An intelligent monitoring system that detects subtle degradation patterns in ship engine operational data before conventional rule-based alerts would fire, reducing the risk of costly unplanned downtime.
Type
Anomaly Detection
Domain
Maritime Operations
Methods
Isolation Forest, PCA
Status
Completed
The Challenge
Maritime engine systems generate continuous streams of operational data across dozens of sensors. Conventional monitoring relies on static thresholds, triggering alerts only when individual readings exceed pre-set limits.
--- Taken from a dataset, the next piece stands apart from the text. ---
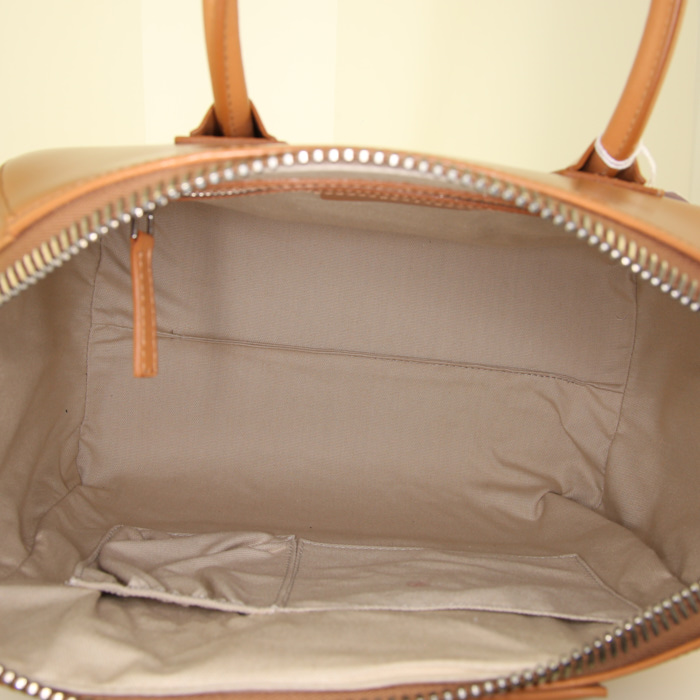Bolso de mano Givenchy Antigona modelo mediano en cuero liso color oro - Detail D3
Threshold-based monitoring misses gradual degradation. A slow drift in the relationship between sensor readings can indicate developing problems long before any single metric breaches a hard limit. By the time a threshold alert fires, the damage is often significant.
Approach
01
Multivariate Data Exploration
Explored the sensor dataset to understand normal operational patterns, inter-variable correlations, and natural variation ranges under healthy operating conditions.
02
Feature Engineering
Engineered features capturing temporal dynamics and cross-sensor relationships. Applied normalisation and PCA to create a compact representation preserving anomalous variance.
03
Anomaly Detection Modelling
Applied Isolation Forest as the primary detection method, complemented with statistical methods for interpretable cross-validation of findings.
04
Analysis and Reporting
Produced a detailed analytical report characterising detected anomalies, mapping them to potential operational causes, and recommending monitoring improvements.
ANOMALY DETECTION
ISOLATION FOREST
Results
Early
Detection before threshold alerts
Multi-Sensor
Cross-variable relationship analysis
Interpretable
Anomalies mapped to operational causes
The system successfully identified anomalous operating periods that would not have triggered conventional threshold-based alerts. The PCA-based approach proved particularly effective at detecting multivariate anomalies where no single sensor was in breach but the overall pattern was abnormal.